Final step is to calculate mean value for each title and assign it to missing values under that title.

mean.mr = mean(train.data$Age[grepl(" Mr\\.", train.data$Name) 
				& !is.na(train.data$Age)])
mean.mrs = mean(train.data$Age[grepl(" Mrs\\.", train.data$Name) 
				& !is.na(train.data$Age)])
mean.dr = mean(train.data$Age[grepl(" Dr\\.", train.data$Name) 
				& !is.na(train.data$Age)])
mean.miss = mean(train.data$Age[grepl(" Miss\\.", train.data$Name) 
				& !is.na(train.data$Age)])
mean.master =  mean(train.data$Age[grepl(" Master\\.", train.data$Name) 
				& !is.na(train.data$Age)])

train.data$Age[grepl(" Mr\\.", train.data$Name) 
				& is.na(train.data$Age)] = mean.mr
train.data$Age[grepl(" Mrs\\.", train.data$Name) 
				& is.na(train.data$Age)] = mean.mrs
train.data$Age[grepl(" Dr\\.", train.data$Name) 
				& is.na(train.data$Age)] = mean.dr
train.data$Age[grepl(" Miss\\.", train.data$Name) 
				& is.na(train.data$Age)] = mean.miss
train.data$Age[grepl(" Master\\.", train.data$Name) 
				& is.na(train.data$Age)] = mean.master

#####  Find missing values to check there is none.
sum(is.na(train.data$Age) == TRUE) /  length(train.data$Age)

Basic Data Exploration and Visualization


back to top

Breakdown by Gender

Run below commands to find breakdown by gender.

#####  Find count by sex
table(train.data$Sex)

female   male 
   314    577 
   
#####  Plot it in graph
barplot(table(train.data$Sex), col=c("orange","lightgreen"), names= c("Female", "Male"), main="Breakdown by Gender")

Observation: There were more male passenger’s than female.

Sample titanic dataset

Breakdown by port of embarkation

Run below commands to find breakdown by port of embarkation.

#####  Find the distribution of the values
barplot(table(train.data$Embarked), col=c("green","blue", "orange"), names= c("Cherbourg", "Queenstown", "Southampton"), main="Port of Embarkation")

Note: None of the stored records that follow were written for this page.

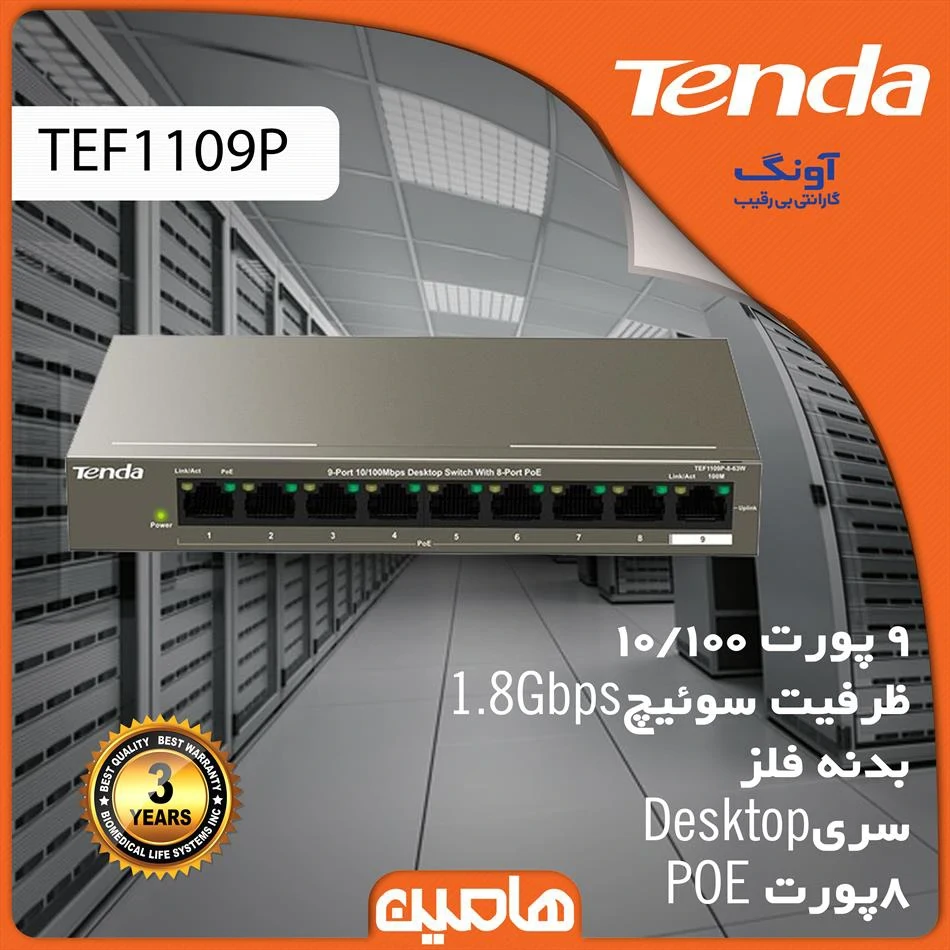 سوئیچ شبکه 9 پورت تندا مدل TEF1109P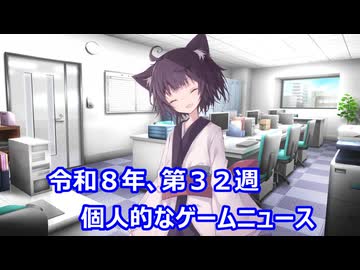 個人的なゲームニュース　『令和８年　第３２週』【VOICEROID】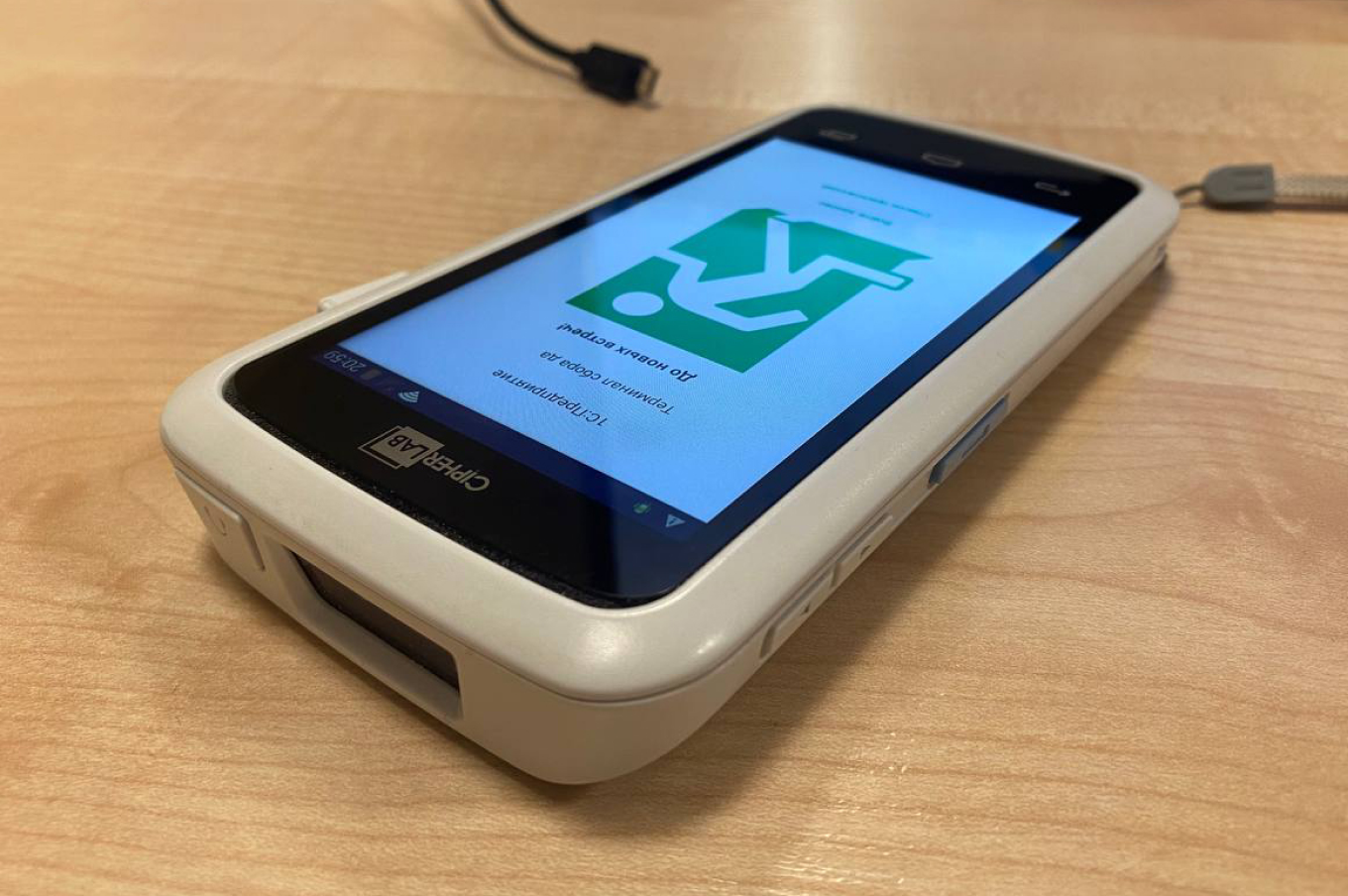 Как выглядит современный ТСД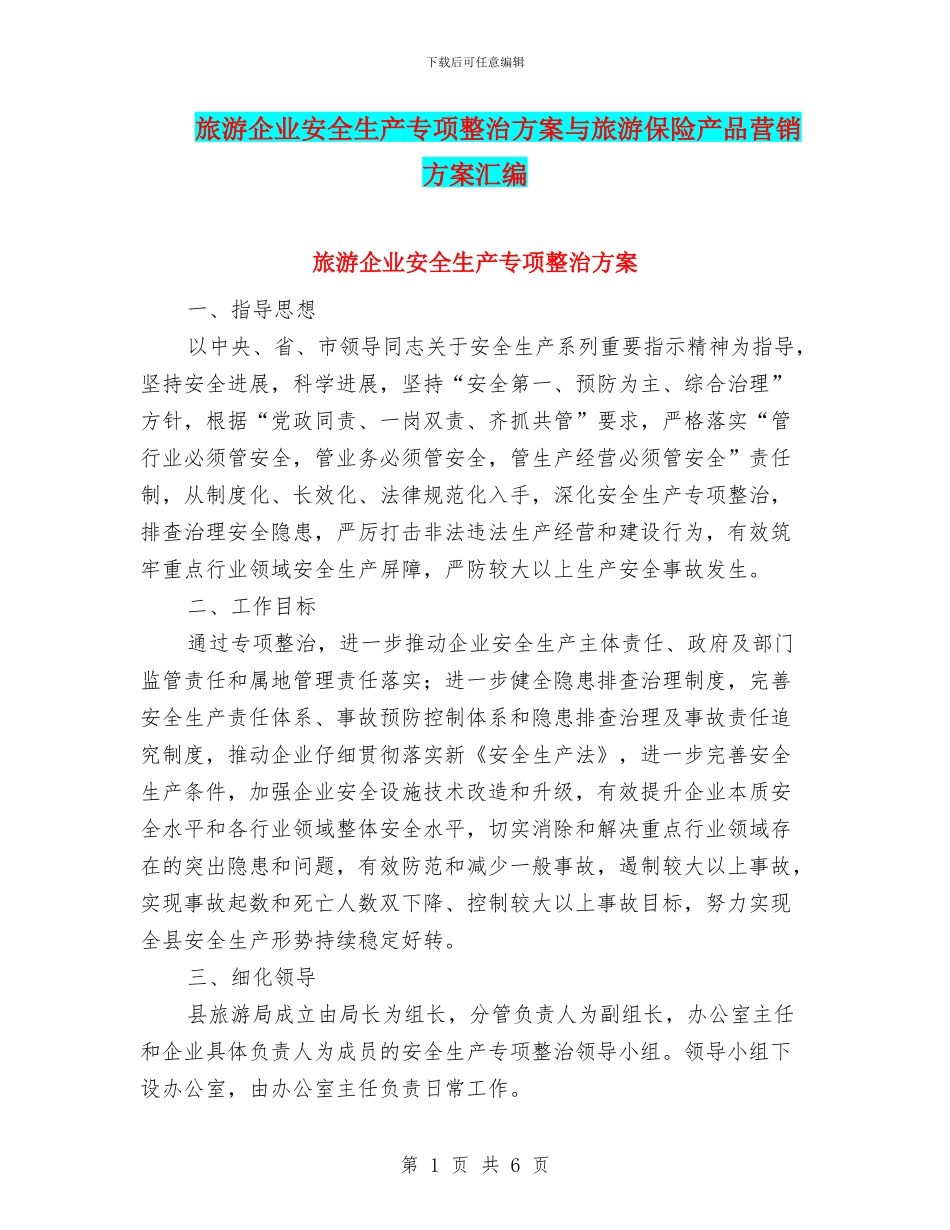 旅游企业安全生产专项整治方案与旅游保险产品营销方案汇编_第1页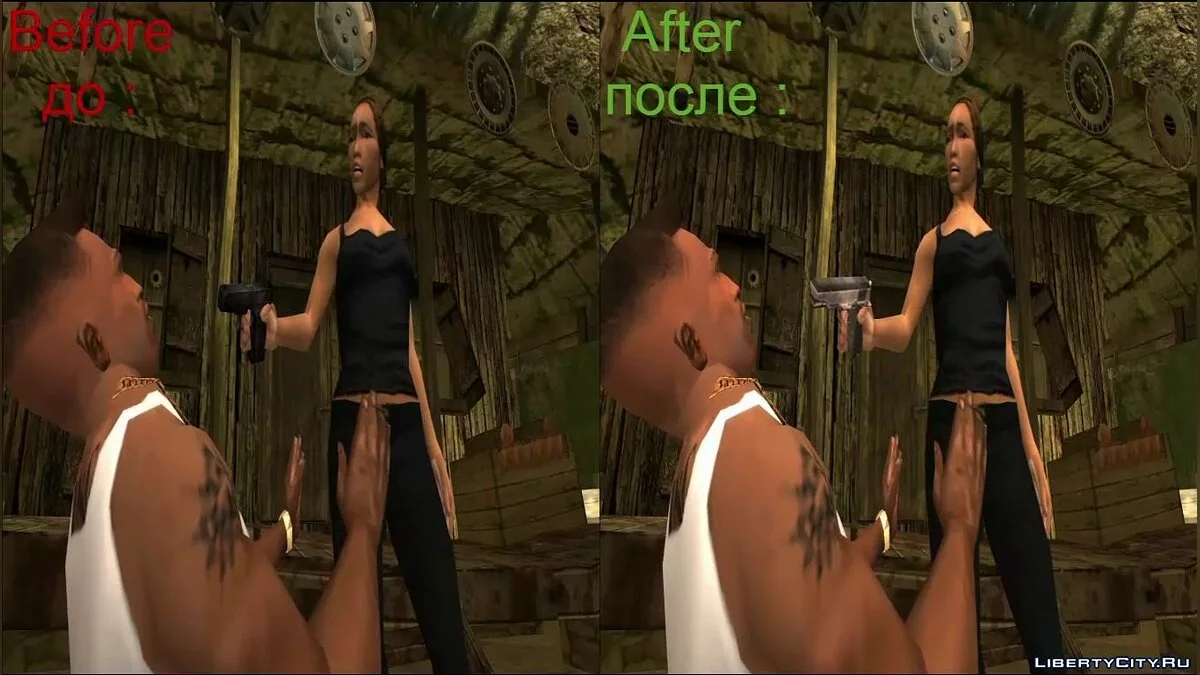 Виправлення катсцен GTA SA v2.0 / GTA San Andreas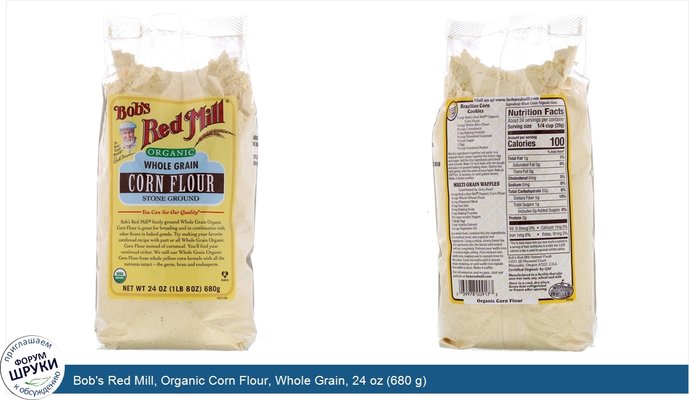 Bob\'s Red Mill, Organic Corn Flour, Whole Grain, 24 oz (680 g)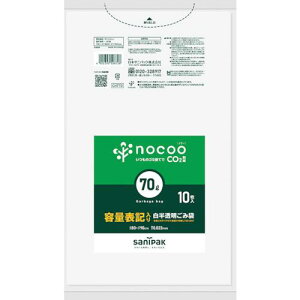 ���T�j�p�b�N NOCOO�e�ʕ\�L����S�~��70L10���k�i��:CHT72�l�y3779640:0�z[�X�����s��]
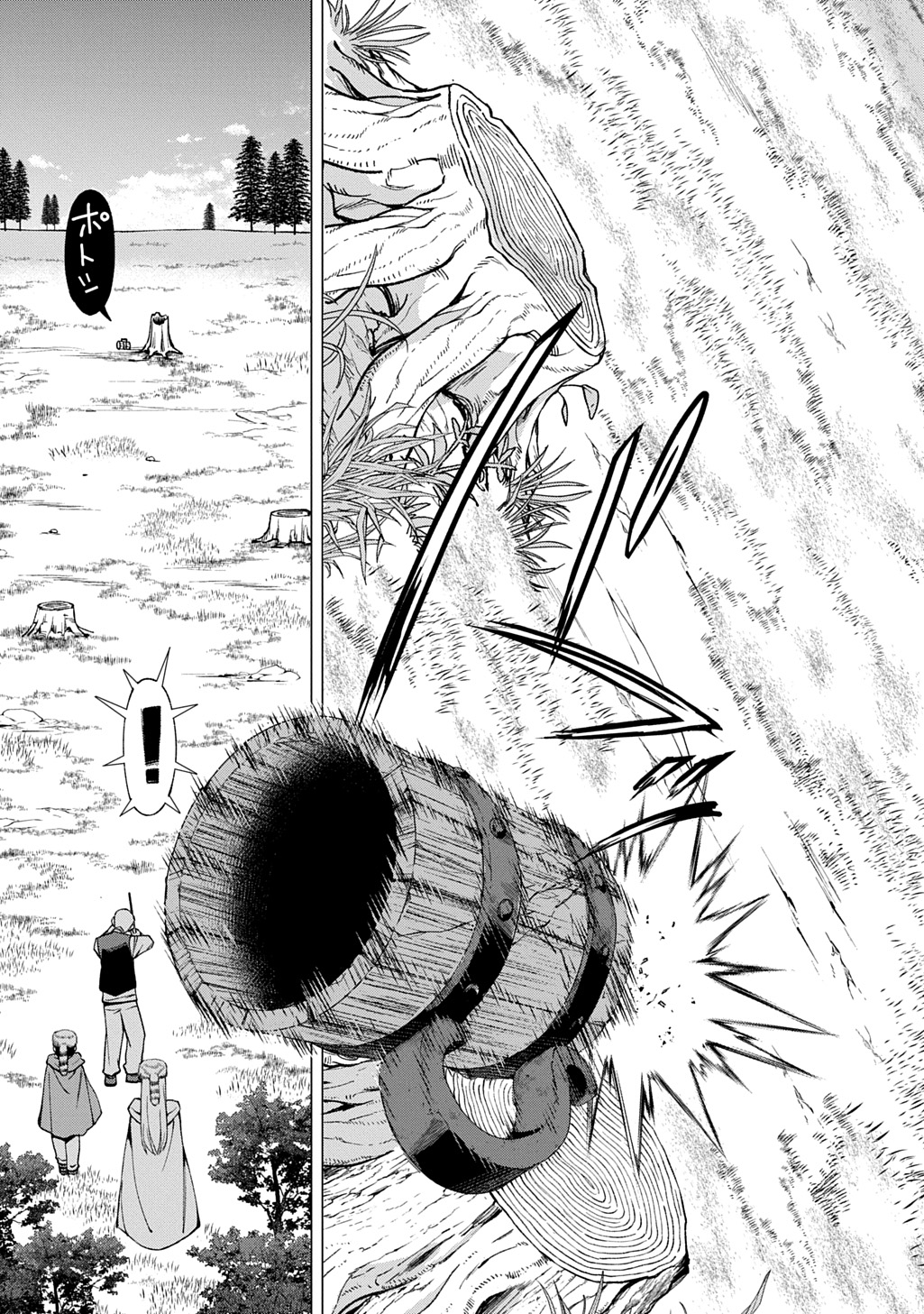 HOKKAIDOU NO GEN'EKI HUNTER GA ISEKAI NI HOURIKOMA RETE MITA: ELF YOME TO MEGURU ISEKAI SHURYOU LIFE (MANGA) - RAW Chapter 30.1 page 21 - nihonkuni.com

Observation: Southampton outnumbered others in terms of port of embarkation.

Sample titanic dataset

Breakdown by Class

Run below commands to find breakdown by class.

#####  Find count by class
table(train.data$Pclass)

  1   2   3 
216 184 491

#####  Plot class count in graph
barplot(table(train.data$Pclass), col=c("green","blue", "orange"), names= c("First", "Second", "Third"), main="Breakdown by Class")

Observation: There were more passengers in 3rd class then 1st and second classes.

Sample titanic dataset

Breakdown by sex for each Class

Run below commands to find breakdown by sex for each class.

#####  show breakdown by gender for each class
table( train.data$Sex, train.data$Pclass)
        
  	1   2   3
  female  94  76 144
  male   122 108 347
 
#####  show barplot
countsTable = table( train.data$Sex, train.data$Pclass)
barplot(countsTable,  col=c("orange","lightgreen"), legend = c("Female", "Male"), names= c("First", "Second", "Third"), main= "Passenger breakdown by sex for each Class")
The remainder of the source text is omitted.